The Power of Ten

Rule Ten

Compile with all warnings enabled, in pedantic mode, and use one or more modern static source code analyzers.

All code must be compiled, from the first day of development, with all compiler warnings enabled at the compiler's most pedantic setting. All code must compile with these setting without warnings. All code must be checked on each build with at least one, but preferably more than one, state-of-the-art static source code analyzer and should pass the analyses with zero warnings.
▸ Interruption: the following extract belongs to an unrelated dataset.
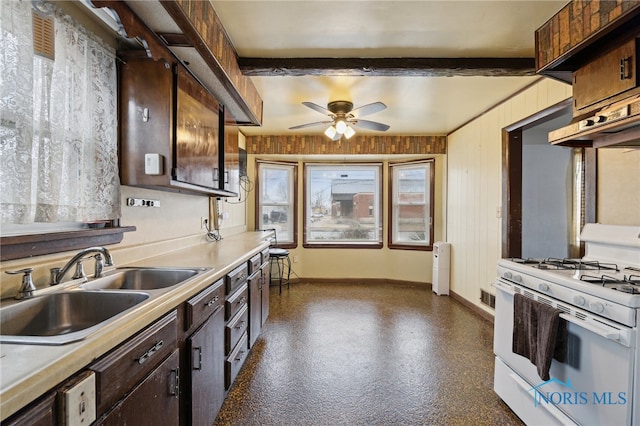 kitchen with beam ceiling, white range with gas stovetop, baseboards, and a sink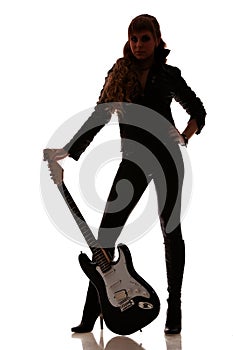 Guitar next to female legs in leather leggings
There are several very effective static source code analyzers on the market today, and quite a few freeware tools as well. There is no excuse for any serious software development effort not to make use of this technology. It should be considered routine practice, especially for critical software development. The rule of zero warnings applies even in cases where the compiler or the static analyzer gives an erroneous warning: if the compiler or the static analyzer gets confused, the code causing the confusion should be rewritten so that it becomes more trivially valid. Many have been caught in the assumption that a warning was likely invalid, only to realize much later that the report was in fact valid for less obvious reasons.
Static analyzers originally had a bad reputation due to the limited capabilities of early versions (e.g., the early Unix tool lint). The early tools produced mostly invalid messages, but this is not the case for the current generation of commercial tools. The best static analyzers today are fast, and they produce selective and accurate messages.

For an overview of static source code analyzers for C, see here.
Recommended tools include codesonar, coverity, klocwork, and uno (roughly in that order).